In your example $$y=4-\sqrt{16-\frac{x^2}{16}}$$ $y$ has both a ceiling and a floor. The ceiling is $y\le 4$ since it is found by subtracting a nonnegative number from $4$. Remember, the principal square root is never below zero, so subtracting it from something always keeps it the same or reduces it: it never increases. So $y$ is at most $4$.

In your example $y$ also has a floor of $y\ge 0$. This is because the only expression for $x$ is $x^2$ which itself has a natural floor of $0$. Therefore $\frac{x^2}{16}$ has the floor $0$ and $-\frac{x^2}{16}$ has the ceiling $0$ due to the minus sign. Then $16-\frac{x^2}{16}$ has the ceiling $16$, $\sqrt{16-\frac{x^2}{16}}$ has the ceiling $4$, $-\sqrt{16-\frac{x^2}{16}}$ has the floor $-4$ (notice another minus sign), and $4-\sqrt{16-\frac{x^2}{16}}$ has the floor $0$.

In summary, $y$ is limited to $0\le y\le 4$.

The floor and ceiling were set by calculating a square and a square root. Notice that the ceiling was set by taking a square root. If $x$ is greater than $16$ or less than $-16$ then the computer tries to take the square root of a negative number, notices an error, then simply does not plot any point for that value of $x$. That is why your graph has a ceiling and floor for $x$.

Note that for $x$ outside its range, the computer still tries to calculate a value of $y$. That wastes time and slows the graph down.
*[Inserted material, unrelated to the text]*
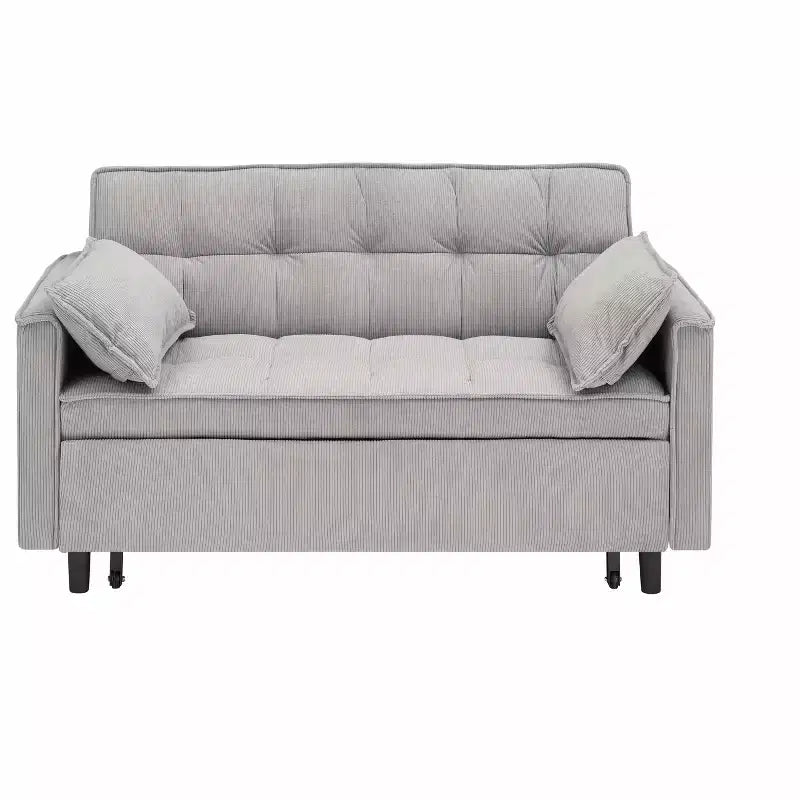 Divano letto moderno in velluto con cuscini decorativi e tasche per soggiorno e camera da letto, grigio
Therefore, if your concern is performance, this is a lousy way to set bounds on $x$. You are much better off telling the computer to only do the calculations for $x$ in its range.

Finally, there are other ways to limit the graph other than to say "for $x\le 16$" but those ways will almost certainly be slower. Here is one way to get your graph that works but will be slow:

$$y=\frac x4+0\cdot\sqrt{16-x}$$

That will guarantee $x\le 16$ but is a lousy way to do so.